The white paper is ~120 Pages, my notes are ~20 pages and this blog is probably 4–5 pages. So it is very very condensed — I recommend reading the full paper — but, of course, after reading my blog !

For the attention challenged, I have annotated Best Practices like so, so that you can scan and pick up the 13 Best Practices while ignoring the rest!

Best Practice #0 : Scan & find all the 13 Best Practices in this blog !! Who knows may be there are more … or less …

The white paper is titled “Machine Learning Explainability & Fairness: Insights from Consumer Lending:(April 2022)”.

Very Detailed work, good insights and they have plans to cover a lot more. It is a solid beginning — congratulations to the researchers on their fine work. It is an empirical white paper, so it has observational, experimental results rather than any level of theory.
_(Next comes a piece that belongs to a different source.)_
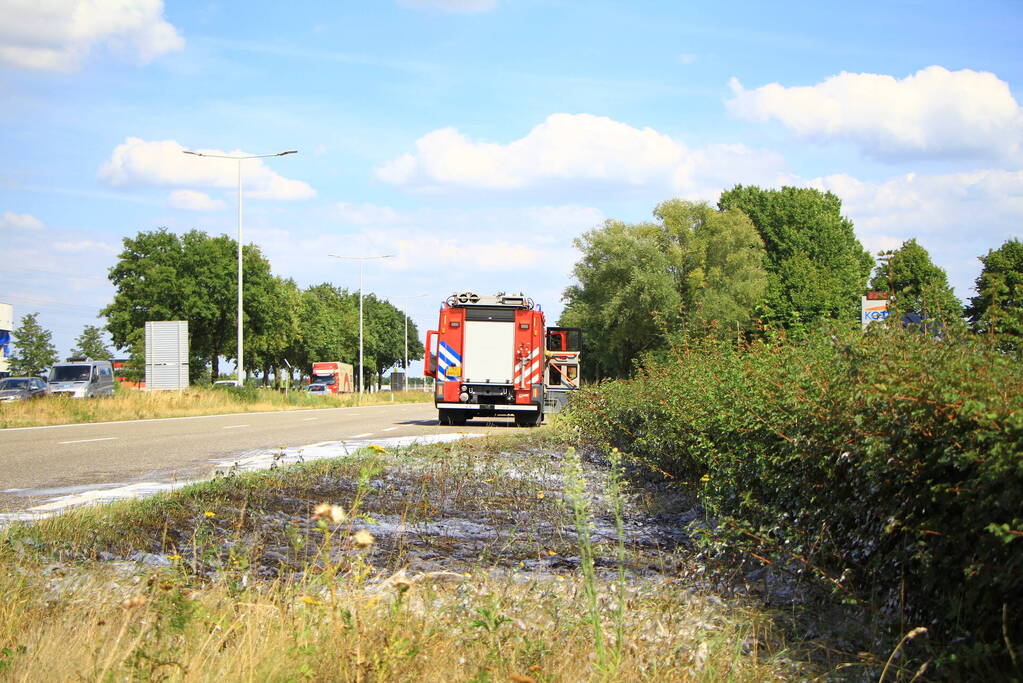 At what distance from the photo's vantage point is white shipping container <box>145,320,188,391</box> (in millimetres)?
38250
I do have a few quibbles about the finer methodologies, what is in and what is out, as well as the conclusions. But they are very minor compared to the value and depth of the work.

I have some thoughts in “Section 8. Future Suggestions”, below.

As a detour, during the same time I was reading Brandon Sanderson’s The Way of Kings Prime and The Way of Kings. Each book ~1,000 pages long ! Finished the books and this white paper (119 pages, but warrants more attention) almost at the same time - the context switch was interesting, to say the least ! BTW, if you are new to the Stormlight Archive series, read the Prime 1st — you’ll enjoy the books a lot better. “Life before death, strength before weakness, journey before destination” !

In this blog I won’t go into the methodologies but will cover the broader insights. Beware — on first glance, some of the observations might seem counter-intuitive and surprising — but on deeper thought they will make more sense.

I thought of multiple approaches to summarize the work — linear or best practices focused seemed to be the best. While a narrative focusing on best practices would be better for a short blog, it needs the backdrop — so I am going for a grounds-up narrative with annotated best practices. Please bear with me …

1. Empirical Structure

The work and the paper is empirical in the sense that the researchers selected already available datasets, and a set of algorithms. They then approached vendors in this space and worked with them to evaluate the offering and understand the pragmatic utility i.e., the usefulness of the information generated by the tools for day-to-day model pipeline activities.

2.Background

In the context of consumer lending, model explainability serves to further widely shared goals regarding anti-discrimination, consumer empowerment, and responsible risk taking.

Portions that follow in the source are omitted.